De drenkeling

Ter ere van de geboortedag van mijn moeder, een leuk gedicht van de hand van mijn vader.

Geklemd tussen de geschubde lijven

van de meerminnen

bleef hij drijven,

ofschoon voornamelijk buiten zinnen.

 

Afgevoerd, meegevoerd naar de penaten

van de magistraten

der zee, Neptunus of Posiedon incluis,

zo oneindig verre, verre van huis.

 

Een and’re wereld vol deining van golven

en wuiven van wier,

koralen en flitsend vissenvertier,

een wereld uiteind’lijk, die hem had verzwolgen.

 

Wat voert U, zeeman, mag ik u noemen,

wat voert U hier?

Vroeg Poseidon niet zonder pleizier:

waarop kunt u roemen?

 

Machtig Poseidon, sprak toen de zeeman:

ik wil mij beroemen op mijn vaardige roergang.

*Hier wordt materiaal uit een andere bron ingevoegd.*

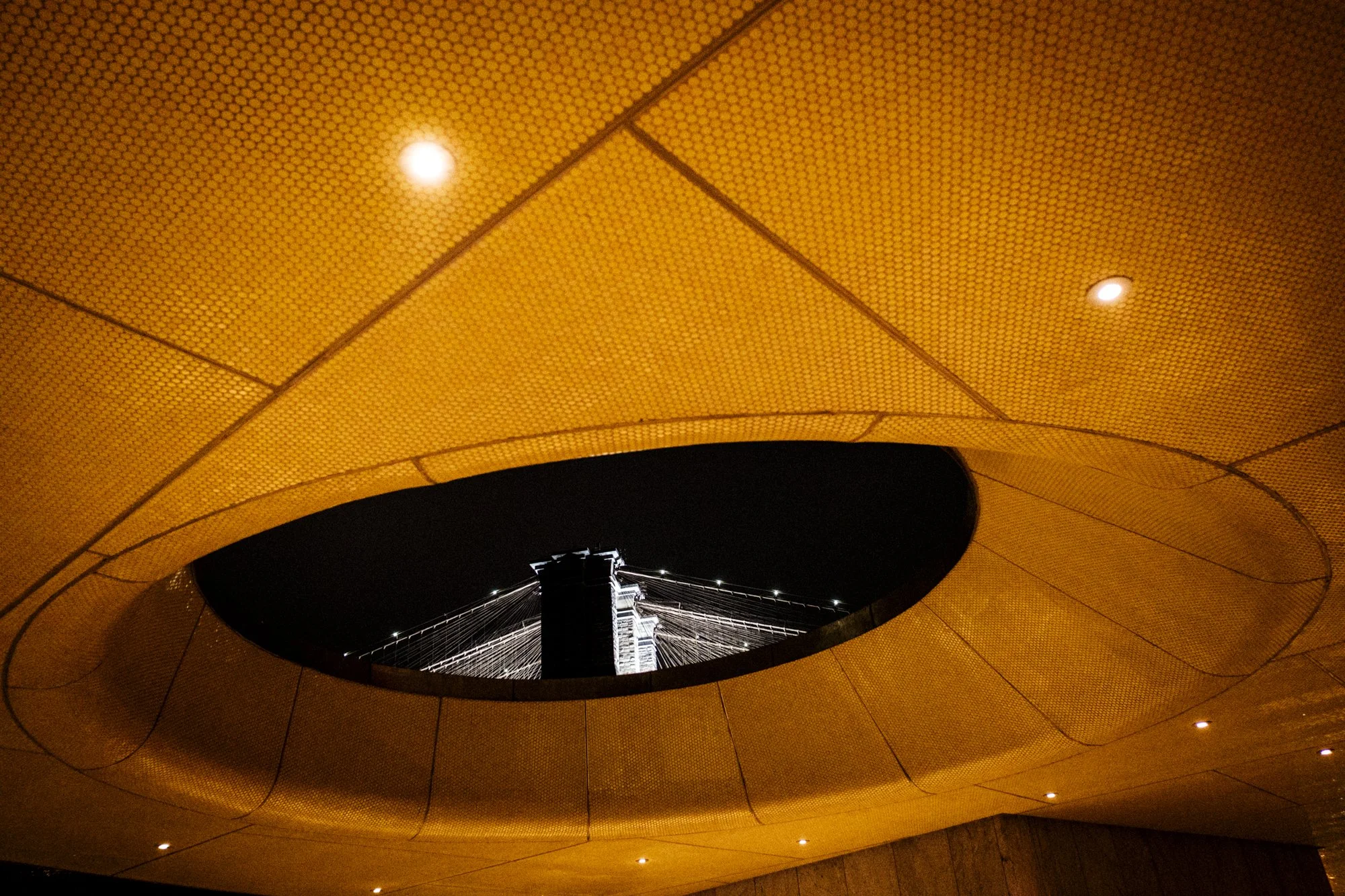 March Weekend-19.jpg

Menig schip voer ik tussen de rotsen

zonder te schampen of ook maar te botsen.

 

Hier barstte Poseidon in schaat’ren uit:

jij wordt de stuurman van mijn jacht.

Aan het roer met jou, volle kracht vooruit.

Jouw lot heeft het mijne voorspoed gebracht.

 

Ied’reen was  vrolijk in harmonie.

De meerminnen zongen een melodie

van kabbelend water dat ruiste in koor.

De zeeman gered, met de eer er vandoor.